Разверзлась пропасть [между рабочими и фермерами], и новые иммигранты почувствовали полное одиночество, наложившееся на естественное одиночество, характерное для любого нового иммигранта, особенно в идеологической, социальной и духовной сферах. Стремясь к поставленной цели, иммигранты старались облегчить свое одиночество, создавая коллективную жизнь и специфический стиль жизни, характеризовавшийся национально-романтическим настроением и жаркими идеологическими спорами. Особенную важность приобрели клубы, возникшие в разных поселениях, — они служили центром культурных и общественных собраний, вечеринок и танцев, даже центрами влияния на молодежь в поселениях. Партийные газеты, а также книги и памфлеты облегчали их психическое состояние, укрепляли дух и заставляли сплотить ряды.
(M. Eliav 1978:352)Рабочие, преимущественно мужчины, но не только, были молоды, в большинстве своем холосты, и их сексуальная жизнь, за исключением некоторых постоянных пар, была малоактивной или ее вообще не было. Они оказались в изоляции в трудной стране, под властью коррумпированного и деспотического оттоманского режима. Вместо еврейского общества диаспоры, построенного вертикально, большими семейными кланами, которые включали несколько поколений, здесь сформировались группы горизонтальных сегментов, объединявшие людей одного возраста, без кровнородственных связей, без отцов и дедов, а также без детей, которых надо было воспитывать (возможно, по-французски?). Ячейкой общества была не семья, а возрастная группа, члены которой разделяли общую идеологию и читали новую ивритскую периодику. К ним пришло осознание конца всей предшествующей истории: конца двух тысячелетий изгнания и конца тысячелетий классовой борьбы — во имя появления нового человека и еврея. Намеренно отрезав себя от родительского мира, от материнской нежности, от бабушкиных сказок, от обычаев и суеверий многих поколений, от языка и еды своего детства и, в реальности, от отвратительной жизни штетла и его безысходного существования, они пытались создать новый мир, построенный на самообразовании индивида: ели странные и горькие оливки, обрабатывали землю мотыгой (турия) и говорили на иврите.
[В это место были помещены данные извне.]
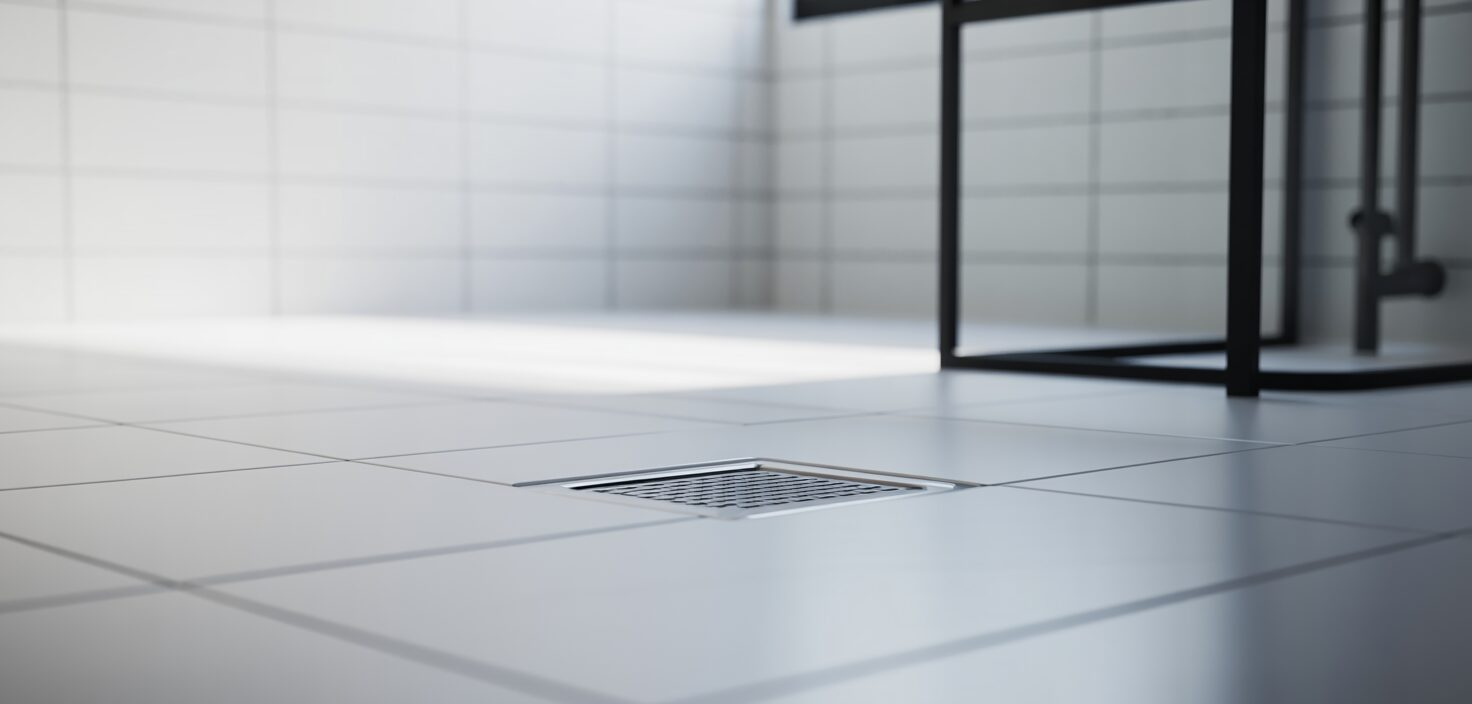 Fotorealistisk bild av ett modernt badrum med en golvbrunn i fokus. Badrummet är minimalistiskt inrett med vita kakelplattor och kromelement.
* * *Социальные рамки, возникшие в рабочем движении — политические партии, «Всеобщая профсоюзная организация сельскохозяйственных рабочих», рабочие коллективы на границах мошавот[101], коммуны — все это подталкивало людей переводить свою жизнь на иврит, письменный и устный. Партия Ха-Поэль Ха-Цаир приняла принцип перехода на иврит в 1906 г. Поалей Цион была связана со своей партией в Европе, а там идиш в качестве культурной силы находился на подъеме, и невозможно было увлечь трудящиеся массы (которые почти не знали иврита) отказом от идиша (см. воспоминания Ицхака Бен-Цви, процитированные в Shapiro 1967:21). Бен-Гурион передает слова товарища, который сказал ему: «Я за иврит, как и ты, но я не знаю, как доказать это через „исторический материализм“», т. е. через марксистскую доктрину (Shapiro 1967:21). Хотя Бен-Гурион и Бен-Цви даже издавали журнал на идише, Онфанг («Начало»), но из-за оппозиции к идишу он закрылся после второго номера. В 1908 г. эта партия тоже решила перейти на иврит.